Songs like "I Feel Loved" and "Tomorrow" return Jennings to the acoustic-driven folk music that launched his career years earlier. Born in Honolulu and raised in Pittsburgh, he released his debut record in 1997, following a pivotal move to Minneapolis. Jennings' contemporary interpretation of a classic sound quickly earned him a number of allies, including fellow musicians like Jack Johnson and Modest Mouse's Isaac Brock, both of whom released his albums on their respective labels. Rolling Stone hailed him as a "Minnesota folk king," while the New York Times asserted that "Mr. Jennings is just waiting to sell millions of records." A prolific writer, he released studio albums at a steady clip throughout the 2000s and 2010s, flying the flag for American roots music long before the Americana genre received its own category at the Grammy Awards.

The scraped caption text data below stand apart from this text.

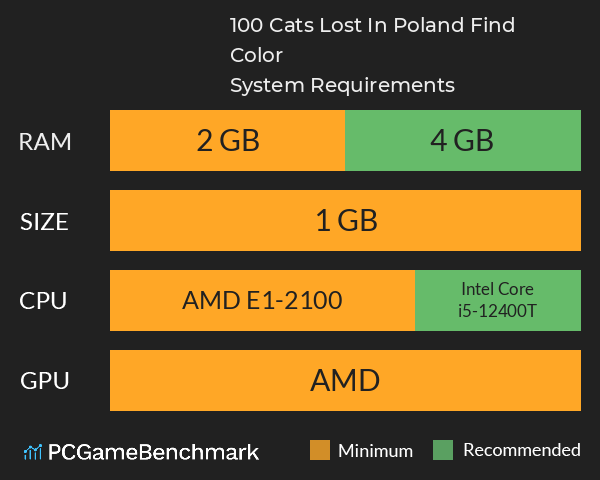 100 Cats Lost In Poland Find & Color System Requirements PC Graph - Can I Run 100 Cats Lost In Poland Find & Color 100 Cats Lost In Poland Find & Color System Requirements PC Graph - Can I Run 100 Cats Lost In Poland Find & Color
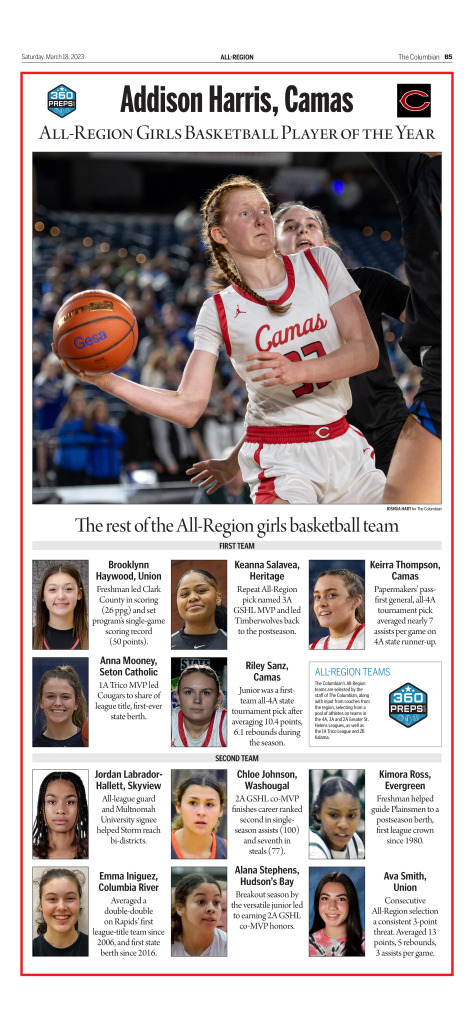 All-Region girls basketball commemorative page for the 2022-23 season. PDF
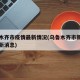 乌鲁木齐市疫情最新情况(乌鲁木齐市新冠肺炎最新消息)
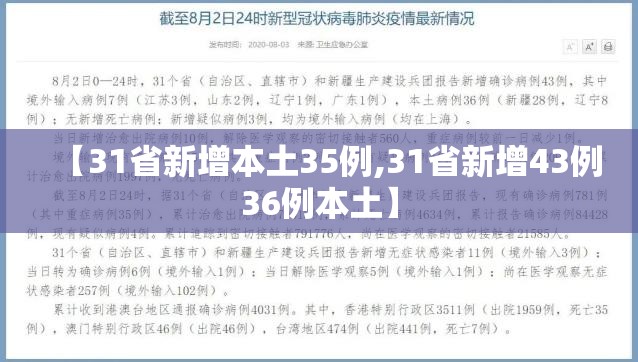 【31省新增本土35例,31省新增43例36例本土】 【31省新增本土35例,31省新增43例36例本土】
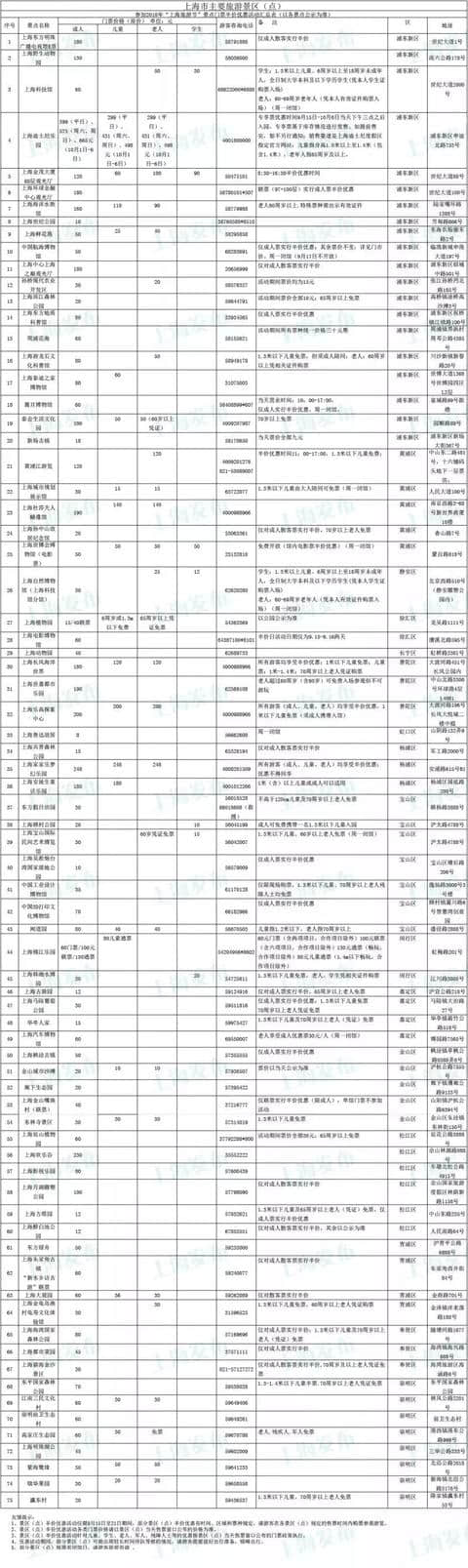 花都市民的福利到了！接下来去全国近200个景区旅游有优惠！半价！免费！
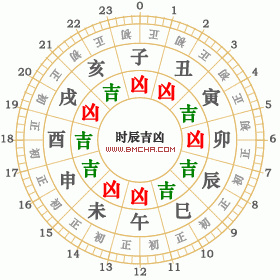 2025年8月21日黄历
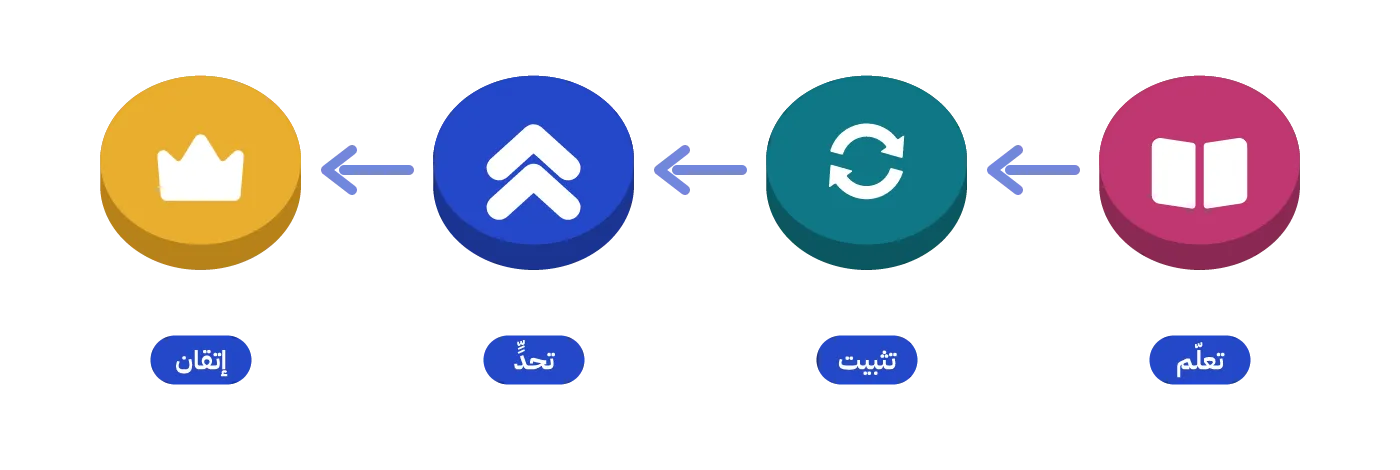 المراحل الأربع بالترتيب، كل منها قرص من أقراص المسار: تعلّم بكتاب، وتثبيت بسهمين دائريين، وتحدٍّ بسهمين صاعدين، وإتقان بتاج ذهبي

Along the way, Jennings set the trials and triumphs of his own life to music. Recently 2018's Songs From When We Met found him recovering from a messy divorce, falling in love again, and moving beyond a longtime battle with agoraphobia. Real Heart follows four years later and deals with similar themes of healing and personal betterment. Recorded during a global pandemic that brought his touring career to a halt, the album finds Jennings focusing on the things that really matter, including his craft and character. "I've learned that's OK to be my real self," he says. "These songs reflect the struggle to take care of myself and be the person I truly am. To come to terms with the fact that I grew up in a family system that has generations of trauma and dysfunction… To get the protective denial off of me and accept where I come from, my part in then recreating those 'familiar' dysfunctional relationships in my adulthood as a misguided attempt to heal my childhood and family system… To take accountability for my actions and go forward doing what I can to heal and change my behavior, and hopefully put an end to the generational dysfunction. I finally feel like I'm in a safe emotional space and a nurturing, healthy partnership, and that allows me to do this work. It’s impossible work to do if we don't feel safe in our own home."

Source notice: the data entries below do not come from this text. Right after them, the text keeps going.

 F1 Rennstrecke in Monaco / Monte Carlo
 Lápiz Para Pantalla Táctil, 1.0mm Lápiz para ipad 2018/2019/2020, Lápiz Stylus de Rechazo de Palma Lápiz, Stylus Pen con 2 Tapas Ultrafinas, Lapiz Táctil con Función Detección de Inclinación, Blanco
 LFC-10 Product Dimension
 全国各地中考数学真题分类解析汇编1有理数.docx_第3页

"It also has songs about dreams, demons, and me coming to terms with different things in my life," he adds, "like getting in touch with that wounded, childlike part of myself that needs to be heard and healed and reparented. To really listen to what my inner child has to say and to honor him and give him the unconditional love he never got. Because, as I have learned the hard way, if I can't love myself, I can't love others."

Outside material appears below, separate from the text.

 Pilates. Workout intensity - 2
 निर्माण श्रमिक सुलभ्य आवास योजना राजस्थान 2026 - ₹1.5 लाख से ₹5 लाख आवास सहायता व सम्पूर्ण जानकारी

Those deep lyrical insights are matched by the music itself. A folk record with envelope-pushing elements and unexpected aesthetics, Real Heart broadens its reach with horns, strings, and other overdubs that were added at Stone Gossard's Studio Litho in Seattle. "Real Heart" transforms itself from a stark piano ballad into a warm piece of orchestral pop, while "On the Brink" mixes an anthemic folk melody with keyboards and light blasts of brass. Backed by lyrics that are as bold as the arrangements themselves, Real Heart is an album for the modern moment, charting one man's journey toward stability during uniquely rocky times. "We're only as strong as our weakest link when we're stranded here together on the brink," he sing during "On the Brink," either talking to a lover or to the world at large. Either way, it's good advice, and it's that rare balance — between the intimate and the universal, the traditional and the progressive, the stripped-back and the fully fleshed-out — that gives Real Heart its potent punch.